Jeremy kept his gaze steady. Whatever fuck-you-anyway impulse fluxed through him just then, he didn’t want Ollie to know about it. Anger. And sure, a measure of jealousy.

Ollie said: “I’m not saying I wasn’t responsible for what happened. I’m just saying this is the net effect of all that happened. Things are stripped away from you. So you arrive at a more fundamental world view. This.

Jeremy said. “Peploe’s. Dani. Coming to visit me out of the blue.”

Olli said: “A new resolve.”

“Resolve,” Jeremy said, sipping again. “You have a new resolve.”

“You find that remarkable, because resolve in your own life has slipped ,” Ollie said. “Which is something I’ve been meaning to speak with you about. Your life was once greatly resolved. Now you are mixed up in this Martine and Cillian business. And you’ve lost your taste for booze. What’s up with that?”

“I haven’t lost my taste. You get older,” Jeremy said.

You get older.”

“You don’t get older?” Jeremy asked him.

And now Ollie squared himself in what Jeremy found to be a vaguely familiar way. Who did that? Who settled into the chair a fraction, as if to be more immovable than they were a second before? In their smooth-sheened suit of very high grade, with sharp corners and clean lines. Bespoke, Jeremy guessed. He might not have had the eye to pick out the surgeon’s cuff with the last of the button left tellingly open, or the watch pocket canted just so above the waist, but he did have the eye to pick the movement of a man in a suit in which he stood for many cumulative hours while it was assembled. People who had their suits made this way didn’t wear them, they lived in them. Which Jeremy didn’t, still, in the jeans and t-shirts and cowboy boots he continued to wear after all these years.

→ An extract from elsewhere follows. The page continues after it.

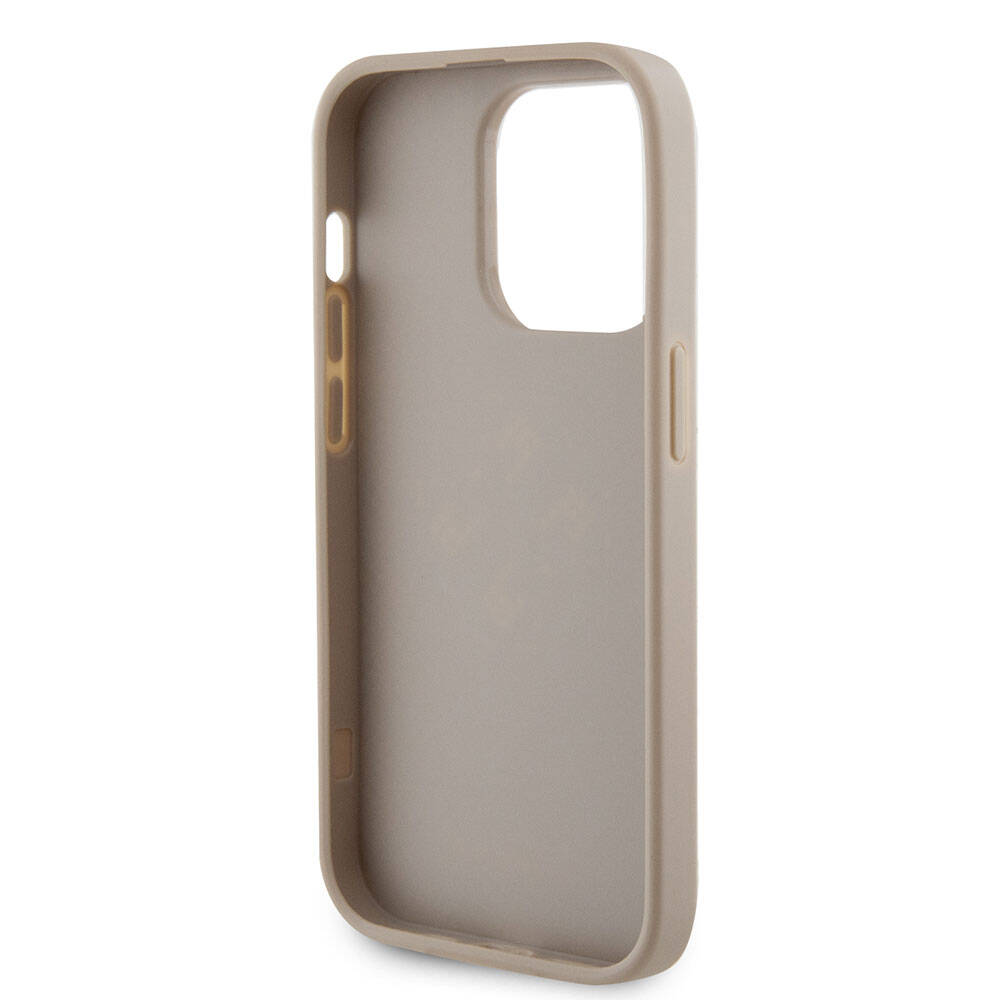 Apple iPhone 15 Pro Kılıf Guess Orjinal Lisanslı Delikli Yazı ve 4G Glitter Büyük Metal Logolu Kapak Gold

Now Ollie was speaking to him on the topic of resolve, and Jeremy had to marvel at the sudden realization. Ollie reminded him a bit of Dante, all of a sudden. A self-indulgent, self-abusive variety of his long ago partner.

Jeremy said: “Stop though. This Martine and Cillian business. What’s that supposed to mean?”

Ollie gestured around himself. He waved his arms in an encompassing motion. At the ends of his smoothly tailored pant legs, Jeremy noticed, their emerged leather shoes the color of a light-toasted hazelnut which brought to mind a nut flavored sauce Jeremy favored with certain small game tenderloins.

“Ollie is indicating the room around him,” Jeremy said. “The rest of us are waiting to know what this means. The Martine and Cillian business specifically. Like Ollie knows something. Although I doubt he does.”

“Yes well,” Ollie said, “My point here being less a point, per se, than a kind of suggestion. A friendly suggestion. Based not solely on my situation vis-à-vis my family and Trout in particular, and women in general. Or Margaret, who is a bitch but who I still love, for that matter. This suggestion is based instead on my assessment of your situation, on the other side of the table, in Dublin, with Martine and her family who are known to be a little… you know. Everyone knows. If you don’t know, I’m very worried about you.”

Jeremy said: “Ol, another second of prologue and I’m fucking out of here.”

Ollie said: “Going home. Bringing it all back home.”

“I’m going to a funeral.

“Yes, well that’s my point. And I’m going with you.”

And then they both just breathed for awhile and considered how that sounded.

Ollie was smiling evenly. Pleased at the surprise punchline he had provided.

Jeremy was thinking: fucking hell. Not that.